A lurch in my stomach reminded me that Dorian was gone, and a kink in my neck told me I’d slept all night with my head resting on a table. Damn. I’d tried so hard to stay awake! But it’s not my nature to be awake in darkness. Ever since I was a small child, the perceptiveness that made me understand plants affected my body the same way. When plants slept, my eyelids drooped. I was called a “simpler” at the time. The people in Salem Village thought of it as magic. But being observant of the natural world isn’t magic. If I’d been born in the late twentieth century and was the age I looked, I would probably have been a botanist. As it was, I became a plant alchemist.
The planetary cycles and light and darkness don’t affect all alchemists equally. Living with Ambrose in early-twentieth-century Paris, I begged him to go out to the bal-musettes without me, since I needed to sleep and renew my energy. There was no need for my weakness to prevent him from enjoying himself. He wouldn’t hear of it. He argued I was the best herbalist around and could make myself an energizing tonic so I could go out dancing with him all night. It usually got me through to midnight.

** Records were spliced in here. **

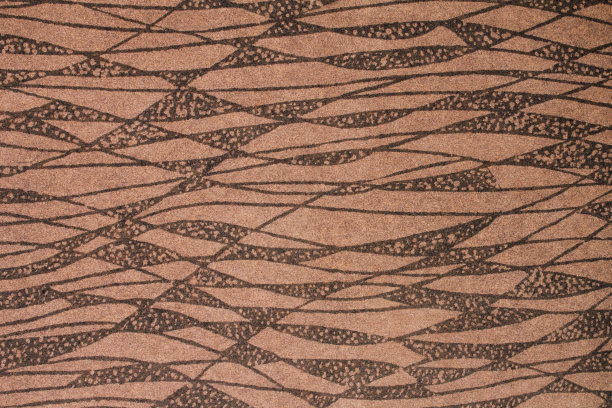 抽象的棕色线条点缀神经无缝背景。改变潜意识的心理方法图片下载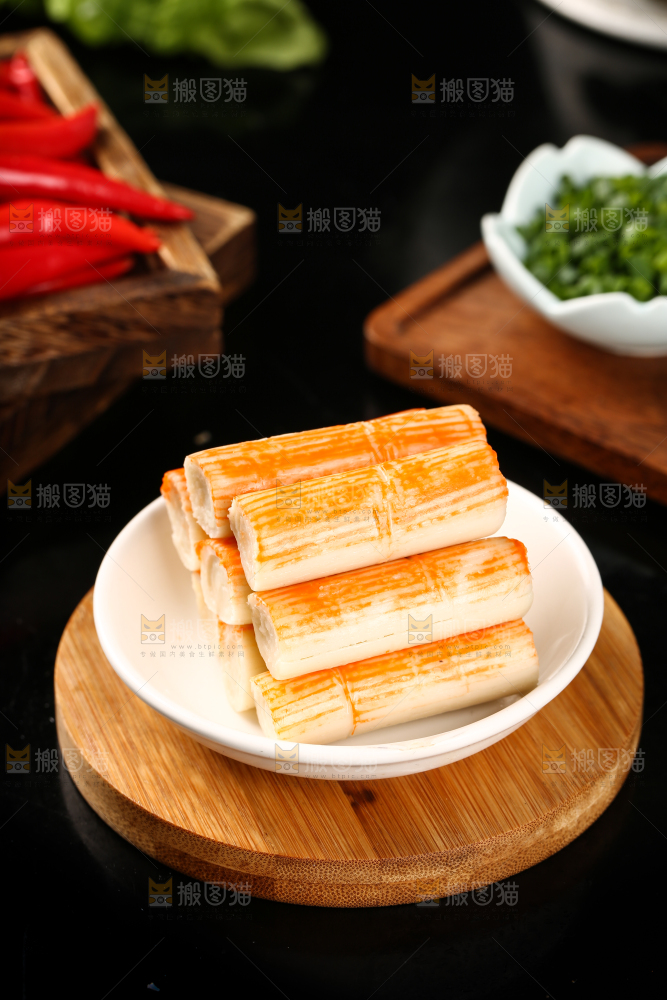一盘蟹柳棒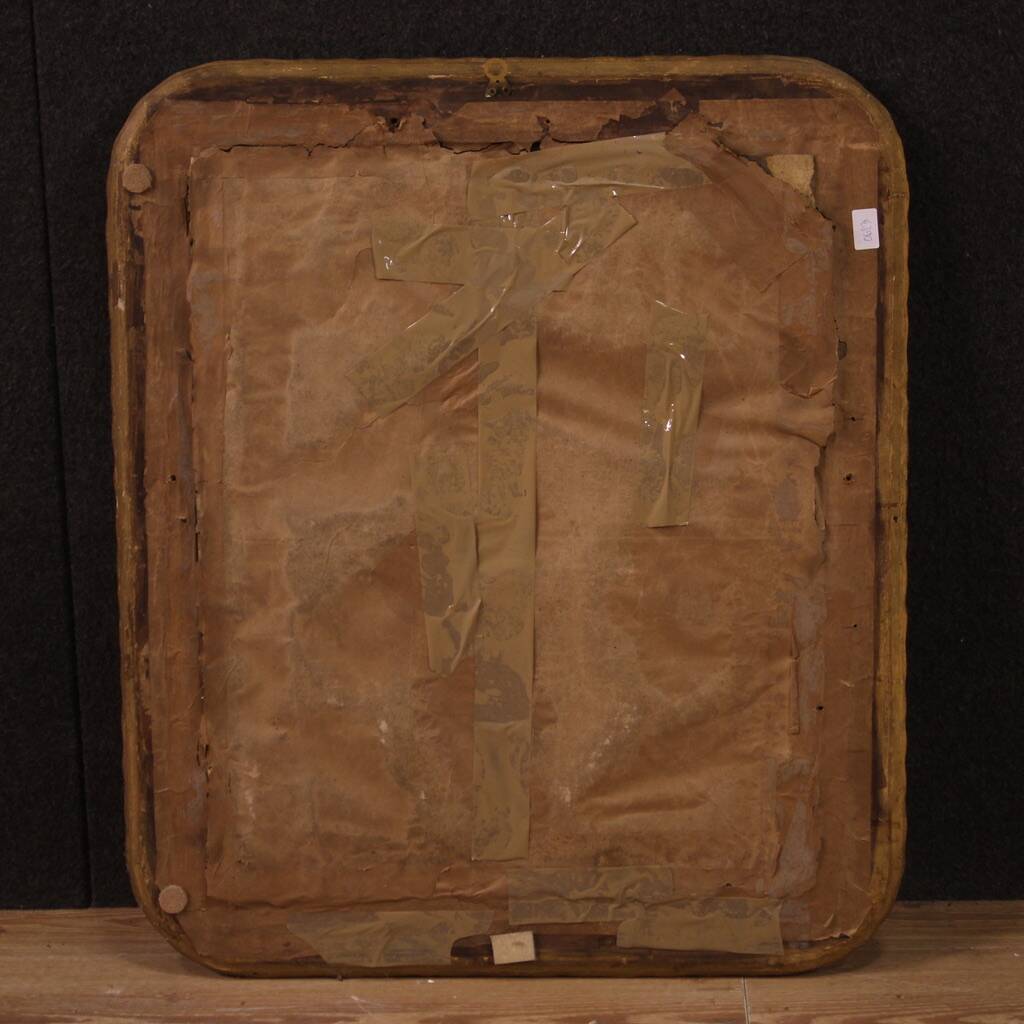 Elegant 19th century tray mirror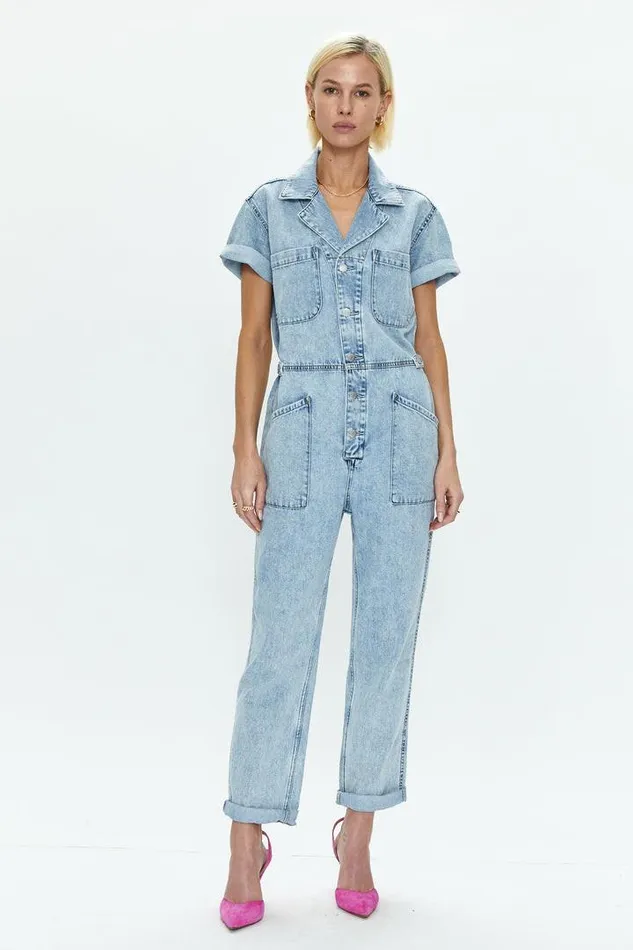 Pistola Denim Denim Women Grover Short Sleeve Field Suit 8211 Breeze Breeze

I unlatched my locket chain and looked at the images inside—a black-and-white photograph of Ambrose and a miniature portrait of my brother. I had a larger photograph of Ambrose somewhere. I’d kept it hidden from sight for so long because it was too painful to have a daily reminder of my loss. But the more I thought about it, that was backward. Suddenly, I desperately wanted to find that larger photograph.
Aside from my journal of alchemical notes, I’ve never kept a proper diary. But my notebooks serve much the same purpose, holding pressings of flowers, ticket stubs, sketches, and photographs. The photograph wasn’t in my notebook that encompassed 1935, the year of Ambrose’s death. I ransacked the attic in search of the photograph. It wouldn’t be in an articulated bird skeleton, an apothecary jar, or any glass vessel. It must have been inside one of my notebooks. Half an hour later, I found it tucked inside a palm-sized sketchbook from the 1950s, the book I’d carried with me for the first few years I traveled around the country in my brand-new Airstream trailer that was now six decades old.
Ambrose’s kind eyes smiled up at me. For many years after his death, his image had caused me pain. But looking at him now, I felt hope. Ambrose would have told me he had faith in me.
I thought back on what I’d been working on before falling asleep. My eyes had glazed over while staring at the pages of Dorian’s book. No, that wasn’t quite right. They hadn’t glazed over. My tired eyes had made the illustrations blur together. Much like the blurry image of the German book Ivan had showed me. I’d gotten sidetracked by too many other things to research that academic book. I hadn’t prioritized it because the scholar who wrote it clearly didn’t have an understanding of the backward alchemy illustration he’d included.
But what about the backward alchemy image itself … an angel turning to stone? Or was it a stone angel that had been brought to life? Death and resurrection. Mercury and sulfur. Fire and ash.
I needed to talk to Ivan. It was too early to talk to him now, but after watering my garden and fixing myself two cups of tea, I called him.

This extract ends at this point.